■ **Brief**: Every record below must be retyped exactly, with the pictures left out.

### Records supplied

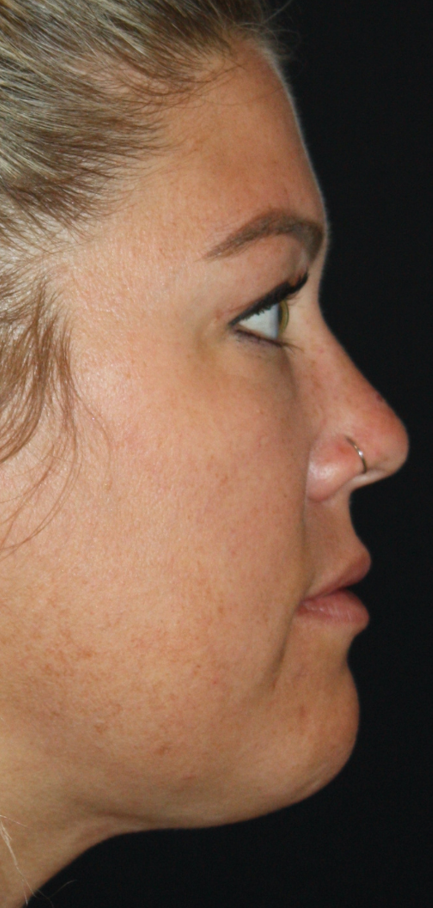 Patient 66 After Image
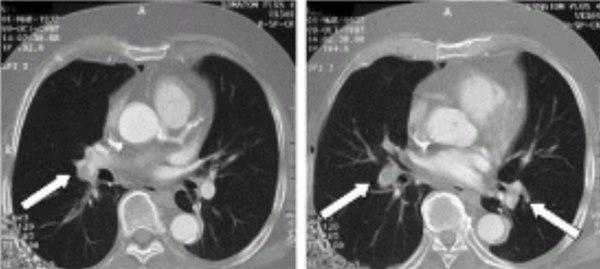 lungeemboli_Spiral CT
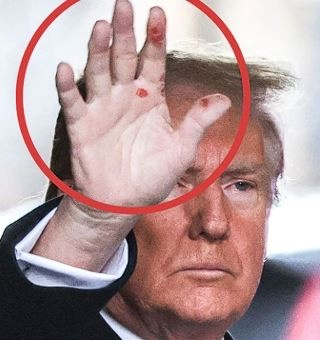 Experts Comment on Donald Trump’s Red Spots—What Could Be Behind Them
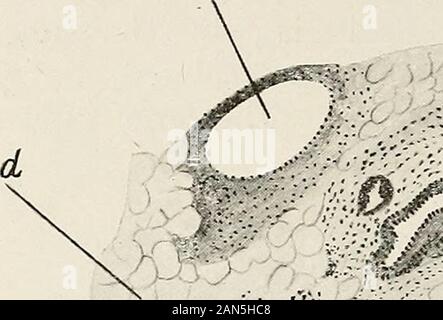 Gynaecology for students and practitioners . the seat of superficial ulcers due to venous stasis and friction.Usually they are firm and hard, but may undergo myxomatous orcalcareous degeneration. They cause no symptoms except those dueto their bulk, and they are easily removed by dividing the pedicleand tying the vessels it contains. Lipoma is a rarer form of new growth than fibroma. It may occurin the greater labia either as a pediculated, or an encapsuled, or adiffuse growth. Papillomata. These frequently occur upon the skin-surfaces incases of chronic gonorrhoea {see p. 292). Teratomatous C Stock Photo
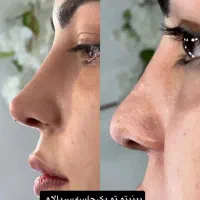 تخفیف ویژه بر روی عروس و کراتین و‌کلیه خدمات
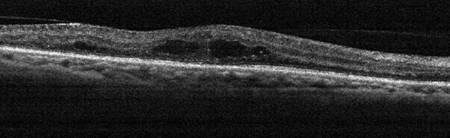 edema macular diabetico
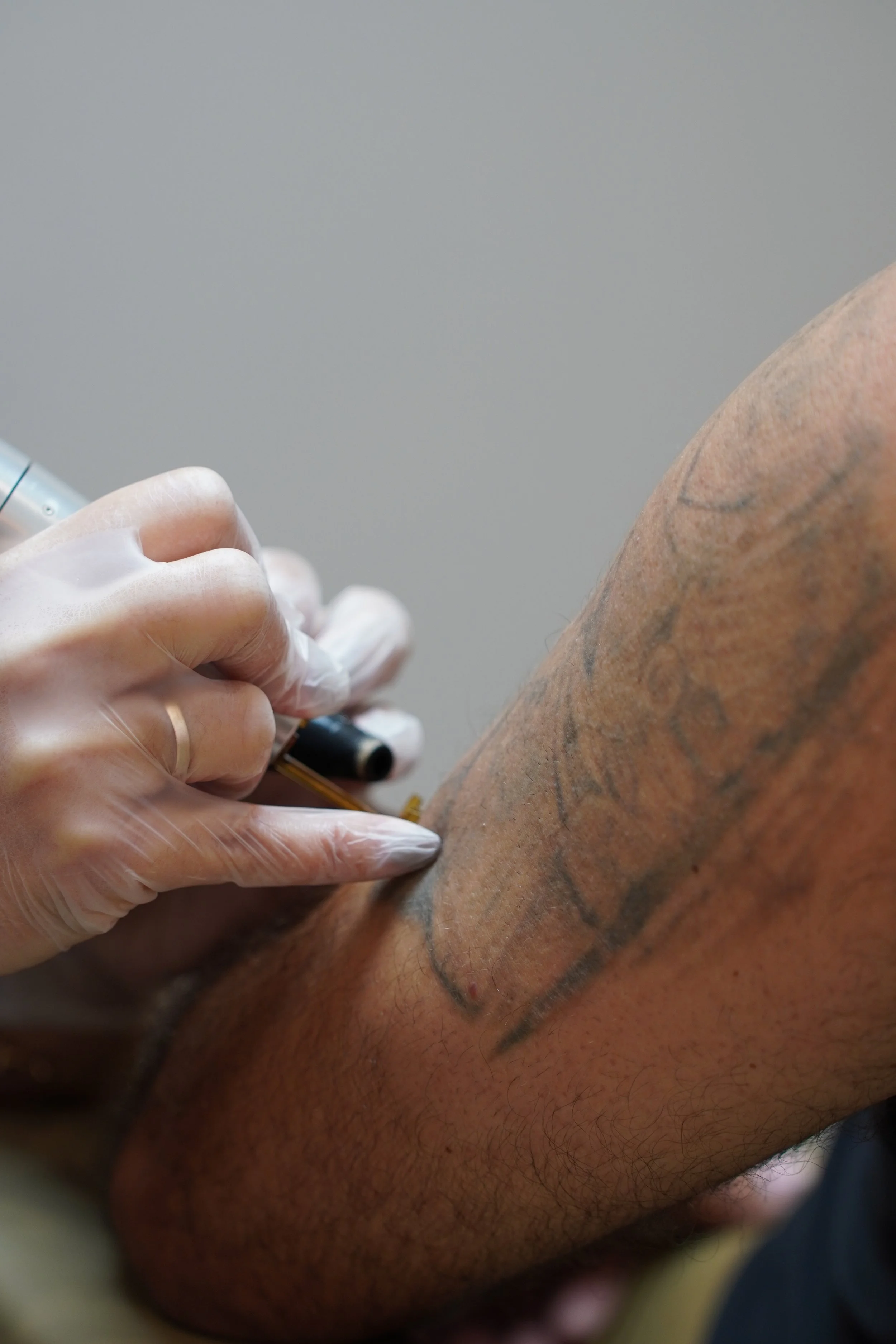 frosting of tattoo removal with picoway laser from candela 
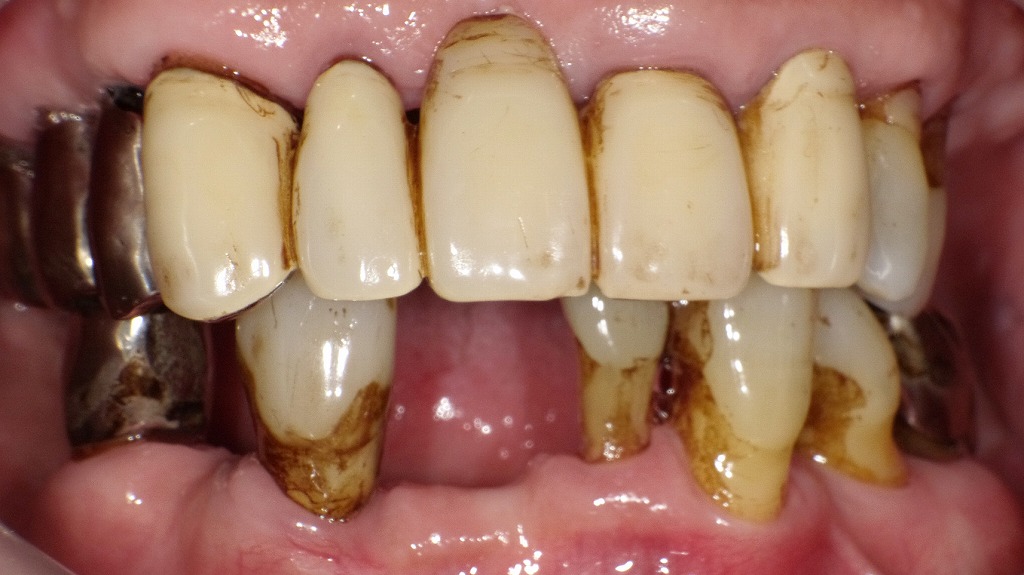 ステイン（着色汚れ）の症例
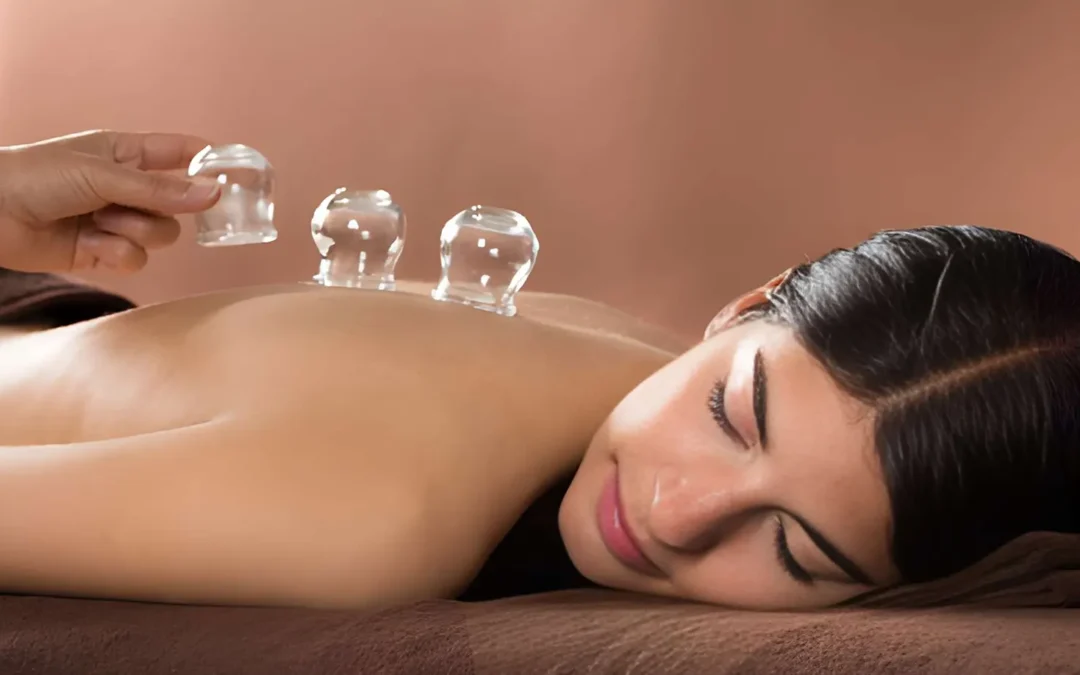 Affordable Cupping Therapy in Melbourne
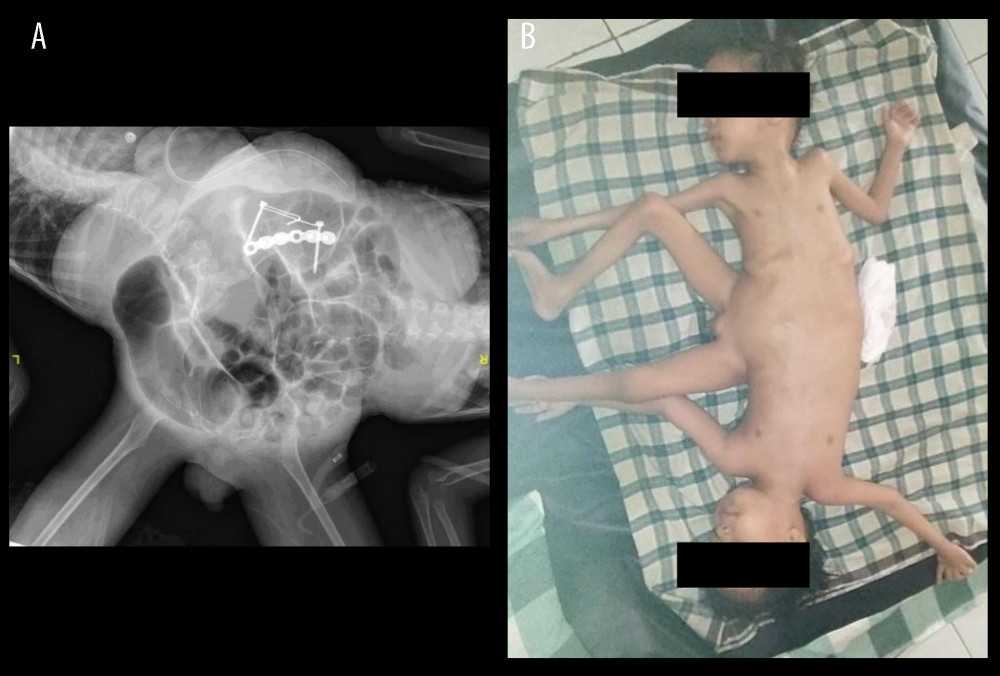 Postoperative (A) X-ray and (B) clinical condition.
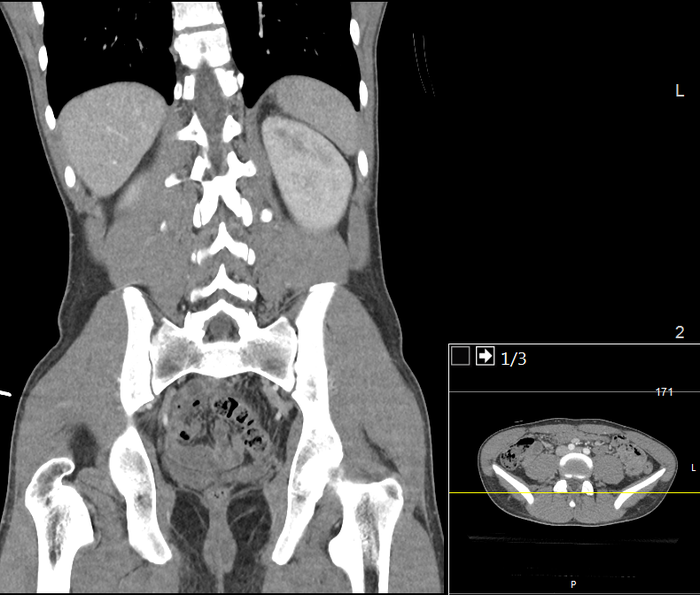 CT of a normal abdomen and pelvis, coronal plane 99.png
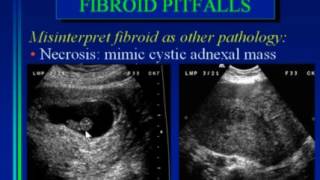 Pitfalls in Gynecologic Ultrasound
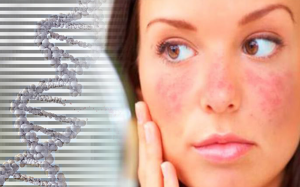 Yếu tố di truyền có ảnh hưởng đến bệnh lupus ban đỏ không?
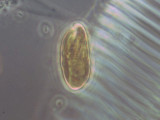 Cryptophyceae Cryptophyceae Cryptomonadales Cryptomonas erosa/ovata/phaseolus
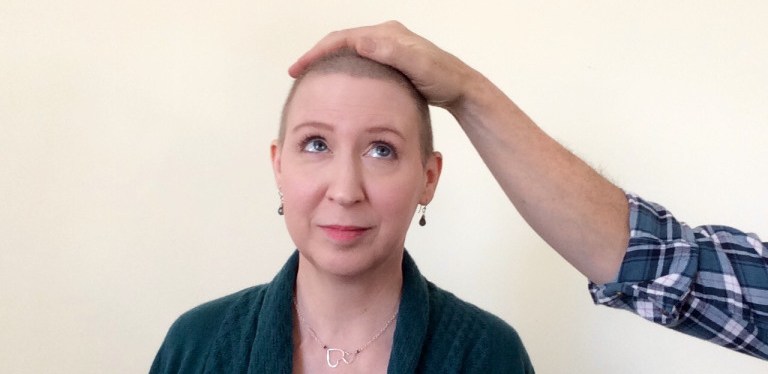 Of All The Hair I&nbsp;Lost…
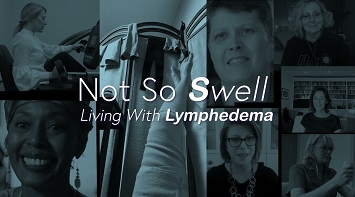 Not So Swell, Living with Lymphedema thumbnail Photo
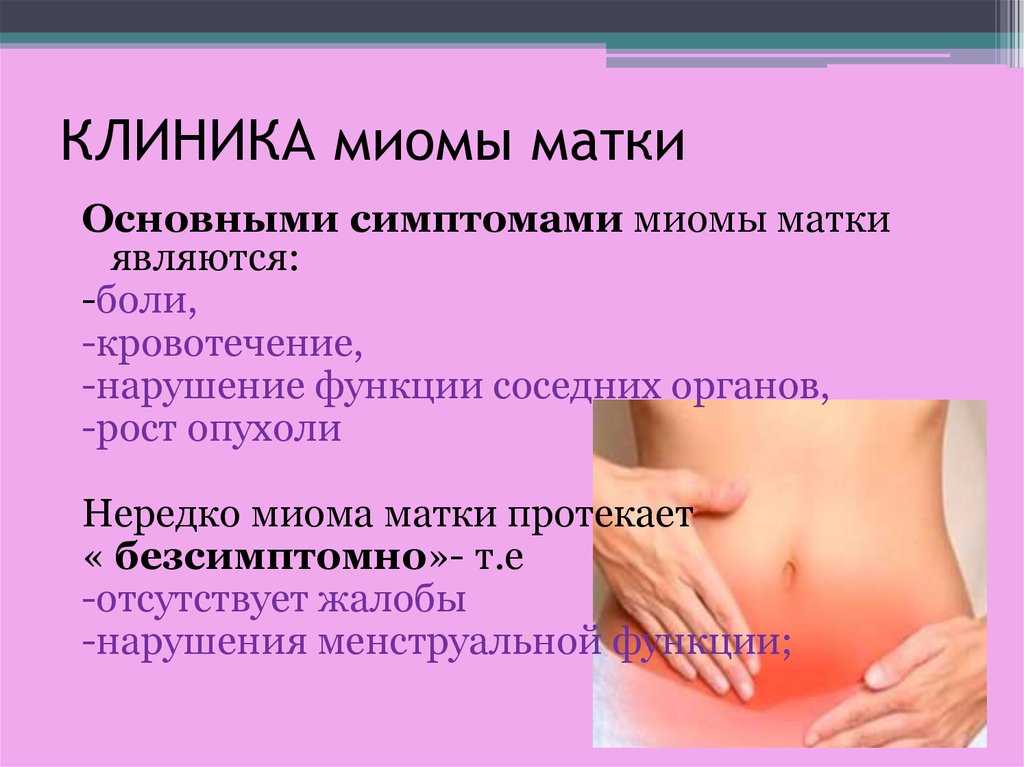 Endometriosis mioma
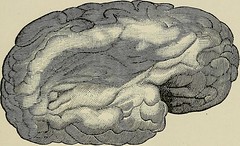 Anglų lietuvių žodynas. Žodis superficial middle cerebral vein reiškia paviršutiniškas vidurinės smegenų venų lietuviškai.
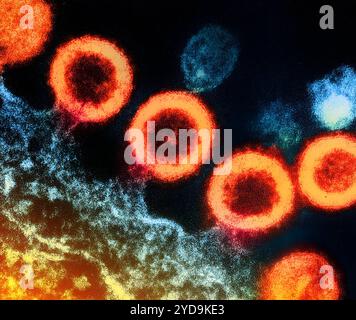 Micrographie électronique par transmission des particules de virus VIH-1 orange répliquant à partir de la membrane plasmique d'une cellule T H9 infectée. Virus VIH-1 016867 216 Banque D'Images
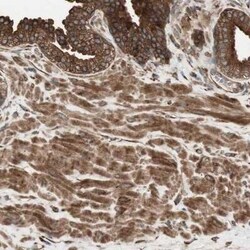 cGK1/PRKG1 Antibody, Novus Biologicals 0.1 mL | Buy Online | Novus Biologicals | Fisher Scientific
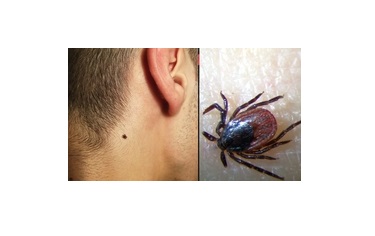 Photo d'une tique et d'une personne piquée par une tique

######

■ **Exercise result**:
 Patient 66 After Image
 lungeemboli_Spiral CT
 Experts Comment on Donald Trump’s Red Spots—What Could Be Behind Them
 Gynaecology for students and practitioners . the seat of superficial ulcers due to venous stasis and friction.Usually they are firm and hard, but may undergo myxomatous orcalcareous degeneration. They cause no symptoms except those dueto their bulk, and they are easily removed by dividing the pedicleand tying the vessels it contains. Lipoma is a rarer form of new growth than fibroma. It may occurin the greater labia either as a pediculated, or an encapsuled, or adiffuse growth. Papillomata. These frequently occur upon the skin-surfaces incases of chronic gonorrhoea {see p. 292). Teratomatous C Stock Photo
 تخفیف ویژه بر روی عروس و کراتین و‌کلیه خدمات
 edema macular diabetico
 frosting of tattoo removal with picoway laser from candela 
 ステイン（着色汚れ）の症例
 Affordable Cupping Therapy in Melbourne
 Postoperative (A) X-ray and (B) clinical condition.
 CT of a normal abdomen and pelvis, coronal plane 99.png
 Pitfalls in Gynecologic Ultrasound
 Yếu tố di truyền có ảnh hưởng đến bệnh lupus ban đỏ không?
 Cryptophyceae Cryptophyceae Cryptomonadales Cryptomonas erosa/ovata/phaseolus
 Of All The Hair I&nbsp;Lost…
 Not So Swell, Living with Lymphedema thumbnail Photo
 Endometriosis mioma
 Anglų lietuvių žodynas. Žodis superficial middle cerebral vein reiškia paviršutiniškas vidurinės smegenų venų lietuviškai.
 Micrographie électronique par transmission des particules de virus VIH-1 orange répliquant à partir de la membrane plasmique d'une cellule T H9 infectée. Virus VIH-1 016867 216 Banque D'Images
 cGK1/PRKG1 Antibody, Novus Biologicals 0.1 mL | Buy Online | Novus Biologicals | Fisher Scientific
 Photo d'une tique et d'une personne piquée par une tique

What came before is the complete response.